[Extracted data entries]
----
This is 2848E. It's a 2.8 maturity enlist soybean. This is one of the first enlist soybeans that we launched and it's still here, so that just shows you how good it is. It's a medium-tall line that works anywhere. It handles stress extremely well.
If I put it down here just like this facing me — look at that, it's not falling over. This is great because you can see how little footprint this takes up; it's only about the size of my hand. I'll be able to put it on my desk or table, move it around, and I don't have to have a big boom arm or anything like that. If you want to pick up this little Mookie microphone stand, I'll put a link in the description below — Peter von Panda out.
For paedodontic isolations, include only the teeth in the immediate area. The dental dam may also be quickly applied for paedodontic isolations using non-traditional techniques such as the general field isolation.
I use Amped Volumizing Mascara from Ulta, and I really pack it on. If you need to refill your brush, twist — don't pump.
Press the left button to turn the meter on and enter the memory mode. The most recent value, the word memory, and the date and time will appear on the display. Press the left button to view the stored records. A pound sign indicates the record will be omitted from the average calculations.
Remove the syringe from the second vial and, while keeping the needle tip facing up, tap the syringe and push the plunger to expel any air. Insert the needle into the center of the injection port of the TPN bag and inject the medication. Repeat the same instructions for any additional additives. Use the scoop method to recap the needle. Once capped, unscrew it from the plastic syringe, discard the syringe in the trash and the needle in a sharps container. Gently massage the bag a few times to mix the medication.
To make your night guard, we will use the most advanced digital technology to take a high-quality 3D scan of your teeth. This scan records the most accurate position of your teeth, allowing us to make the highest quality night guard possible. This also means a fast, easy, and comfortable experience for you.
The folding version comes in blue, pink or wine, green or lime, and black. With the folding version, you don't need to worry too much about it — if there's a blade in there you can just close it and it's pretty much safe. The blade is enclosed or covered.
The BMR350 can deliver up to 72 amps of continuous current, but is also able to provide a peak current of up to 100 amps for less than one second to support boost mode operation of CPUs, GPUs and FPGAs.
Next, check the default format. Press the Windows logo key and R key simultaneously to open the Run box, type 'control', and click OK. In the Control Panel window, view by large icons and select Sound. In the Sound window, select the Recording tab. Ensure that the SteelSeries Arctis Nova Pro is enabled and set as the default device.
----
Produce an exact copy of the entries above.

This is 2848E. It's a 2.8 maturity enlist soybean. This is one of the first enlist soybeans that we launched and it's still here, so that just shows you how good it is. It's a medium-tall line that works anywhere. It handles stress extremely well.
If I put it down here just like this facing me — look at that, it's not falling over. This is great because you can see how little footprint this takes up; it's only about the size of my hand. I'll be able to put it on my desk or table, move it around, and I don't have to have a big boom arm or anything like that. If you want to pick up this little Mookie microphone stand, I'll put a link in the description below — Peter von Panda out.
For paedodontic isolations, include only the teeth in the immediate area. The dental dam may also be quickly applied for paedodontic isolations using non-traditional techniques such as the general field isolation.
I use Amped Volumizing Mascara from Ulta, and I really pack it on. If you need to refill your brush, twist — don't pump.
Press the left button to turn the meter on and enter the memory mode. The most recent value, the word memory, and the date and time will appear on the display. Press the left button to view the stored records. A pound sign indicates the record will be omitted from the average calculations.
Remove the syringe from the second vial and, while keeping the needle tip facing up, tap the syringe and push the plunger to expel any air. Insert the needle into the center of the injection port of the TPN bag and inject the medication. Repeat the same instructions for any additional additives. Use the scoop method to recap the needle. Once capped, unscrew it from the plastic syringe, discard the syringe in the trash and the needle in a sharps container. Gently massage the bag a few times to mix the medication.
To make your night guard, we will use the most advanced digital technology to take a high-quality 3D scan of your teeth. This scan records the most accurate position of your teeth, allowing us to make the highest quality night guard possible. This also means a fast, easy, and comfortable experience for you.
The folding version comes in blue, pink or wine, green or lime, and black. With the folding version, you don't need to worry too much about it — if there's a blade in there you can just close it and it's pretty much safe. The blade is enclosed or covered.
The BMR350 can deliver up to 72 amps of continuous current, but is also able to provide a peak current of up to 100 amps for less than one second to support boost mode operation of CPUs, GPUs and FPGAs.
Next, check the default format. Press the Windows logo key and R key simultaneously to open the Run box, type 'control', and click OK. In the Control Panel window, view by large icons and select Sound. In the Sound window, select the Recording tab. Ensure that the SteelSeries Arctis Nova Pro is enabled and set as the default device.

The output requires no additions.